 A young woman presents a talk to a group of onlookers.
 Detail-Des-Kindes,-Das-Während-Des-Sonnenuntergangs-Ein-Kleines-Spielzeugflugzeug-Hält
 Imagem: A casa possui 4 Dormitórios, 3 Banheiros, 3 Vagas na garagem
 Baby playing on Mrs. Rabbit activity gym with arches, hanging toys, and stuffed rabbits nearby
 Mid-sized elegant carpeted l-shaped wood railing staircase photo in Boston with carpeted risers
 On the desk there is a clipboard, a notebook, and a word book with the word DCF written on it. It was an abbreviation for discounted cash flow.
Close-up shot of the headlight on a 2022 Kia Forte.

----

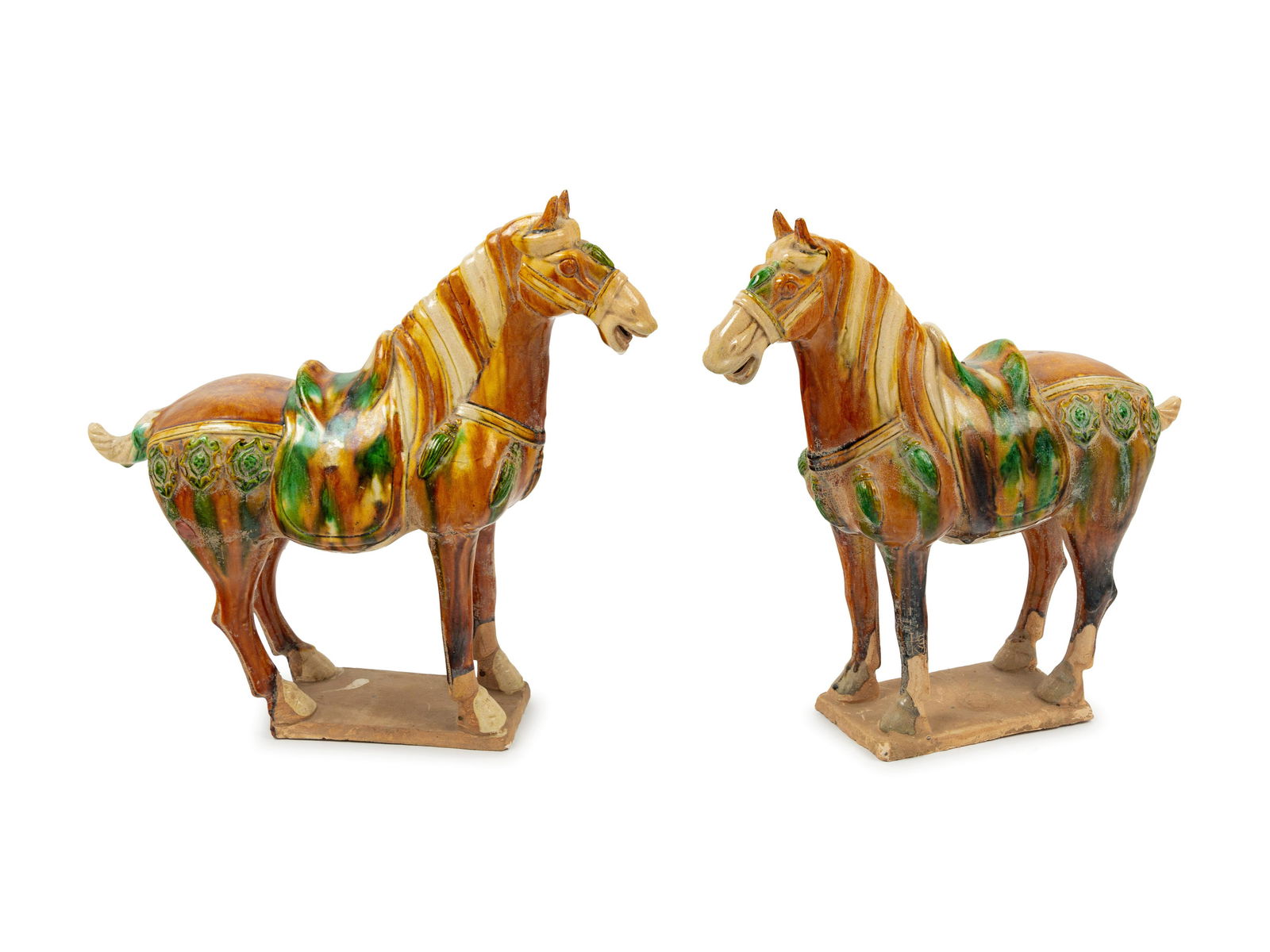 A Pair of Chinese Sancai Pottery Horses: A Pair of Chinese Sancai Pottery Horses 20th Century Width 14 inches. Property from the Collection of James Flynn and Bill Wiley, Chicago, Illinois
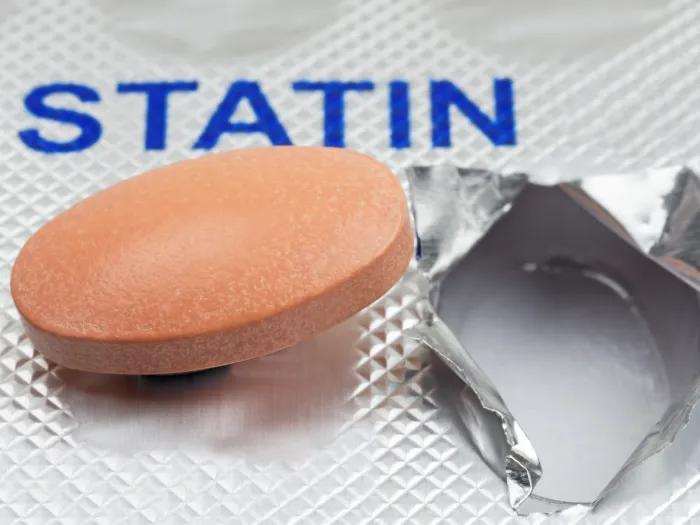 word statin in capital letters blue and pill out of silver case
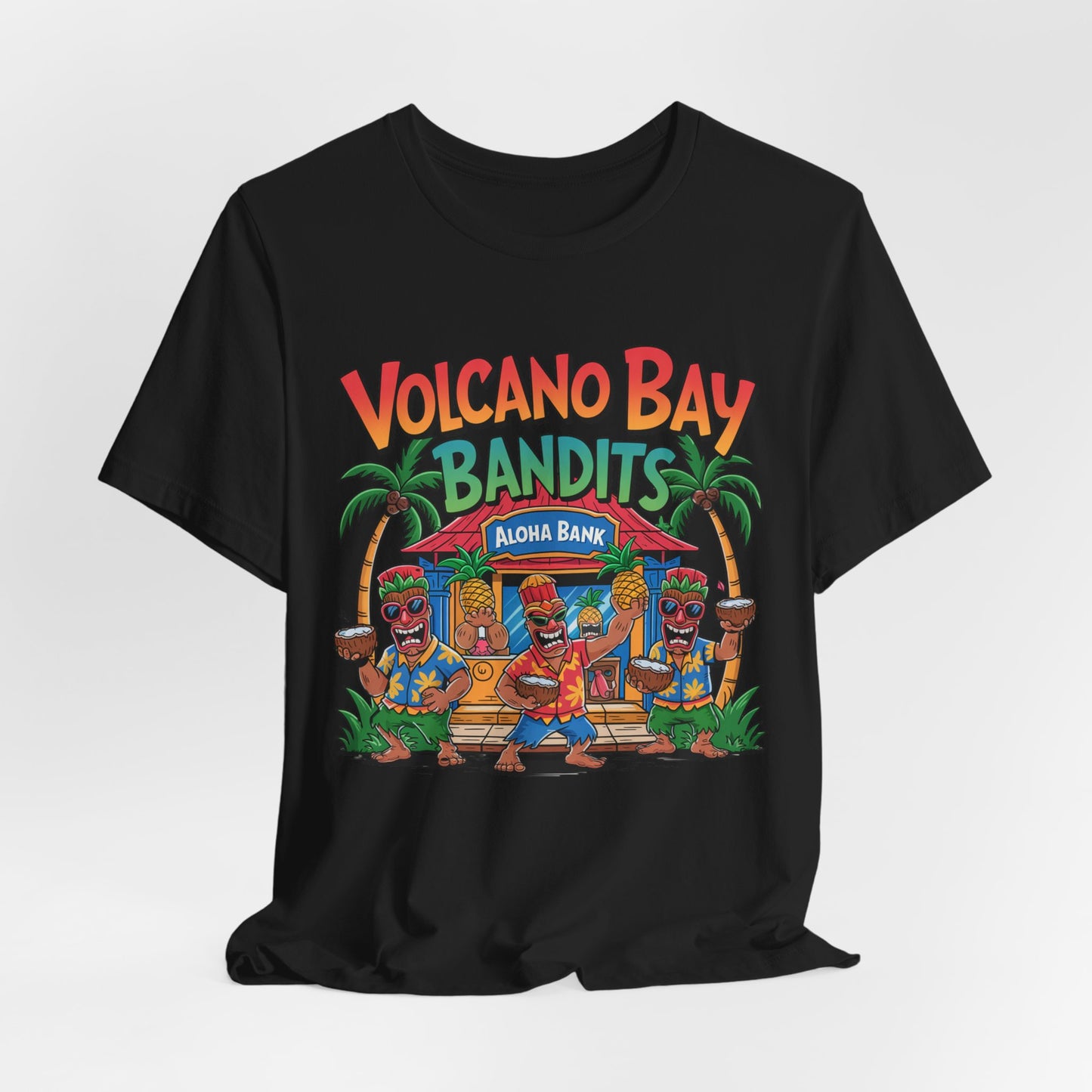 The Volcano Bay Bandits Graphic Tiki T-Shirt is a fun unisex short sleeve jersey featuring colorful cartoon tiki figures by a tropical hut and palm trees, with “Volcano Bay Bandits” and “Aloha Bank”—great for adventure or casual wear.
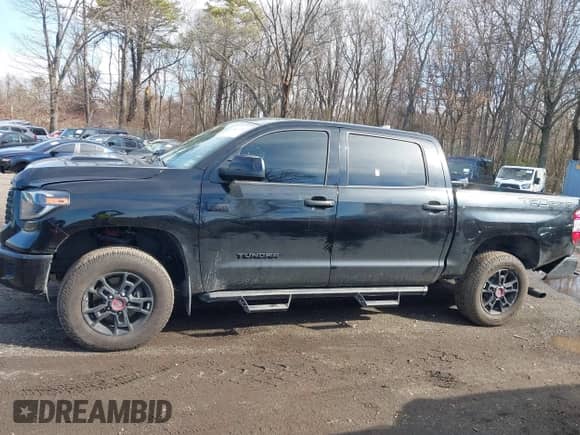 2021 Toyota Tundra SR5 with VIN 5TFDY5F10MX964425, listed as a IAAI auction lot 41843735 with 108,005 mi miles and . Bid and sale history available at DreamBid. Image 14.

----

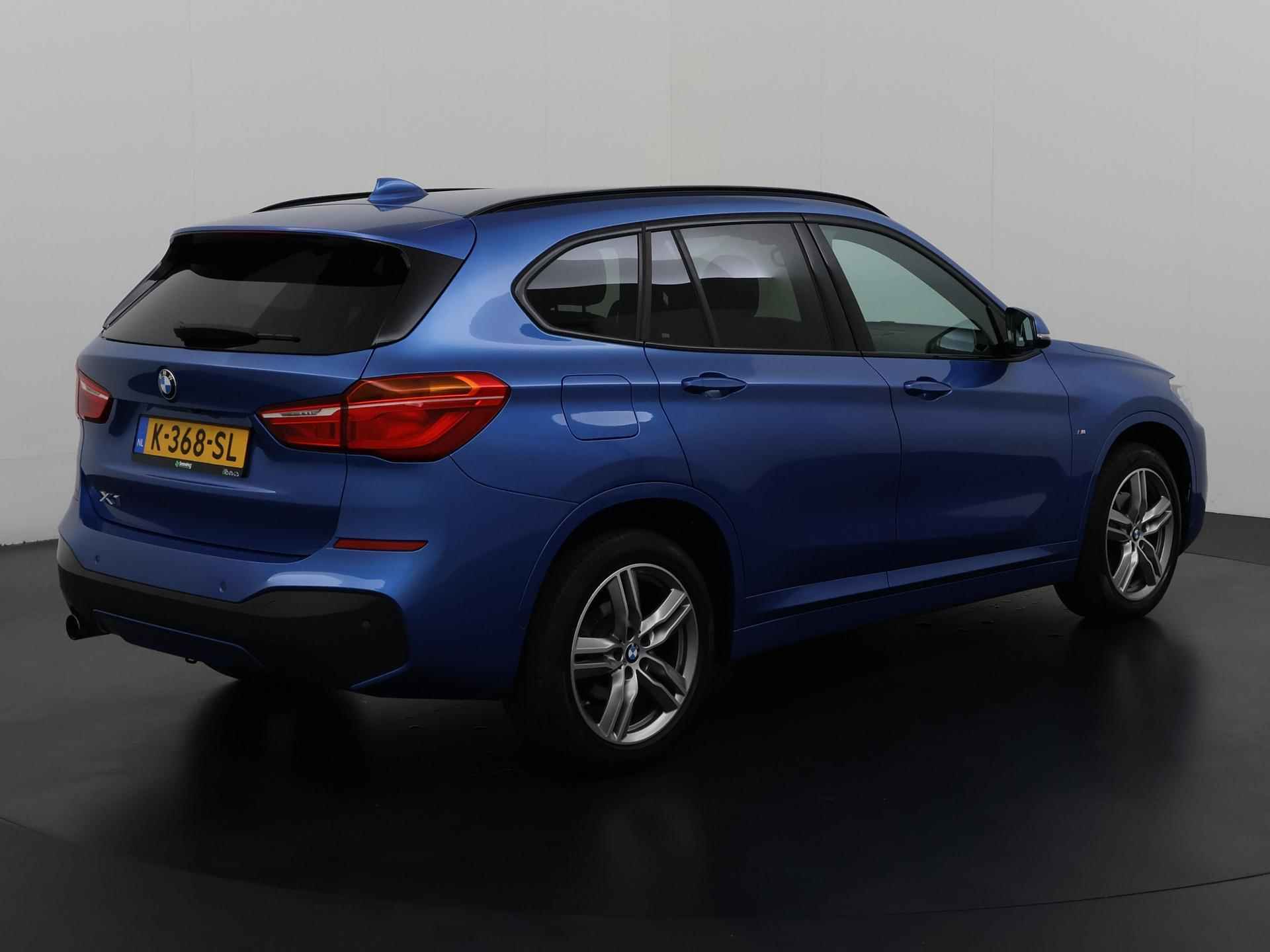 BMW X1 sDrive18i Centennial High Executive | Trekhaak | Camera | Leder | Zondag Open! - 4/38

----

- _How to complete this task_
Above this instruction are the records; retype exactly the lines from the one containing "A young woman" up to and including the one containing "Mid-sized elegant carpeted".

- _Exercise response_
 A young woman presents a talk to a group of onlookers.
 Detail-Des-Kindes,-Das-Während-Des-Sonnenuntergangs-Ein-Kleines-Spielzeugflugzeug-Hält
 Imagem: A casa possui 4 Dormitórios, 3 Banheiros, 3 Vagas na garagem
 Baby playing on Mrs. Rabbit activity gym with arches, hanging toys, and stuffed rabbits nearby
 Mid-sized elegant carpeted l-shaped wood railing staircase photo in Boston with carpeted risers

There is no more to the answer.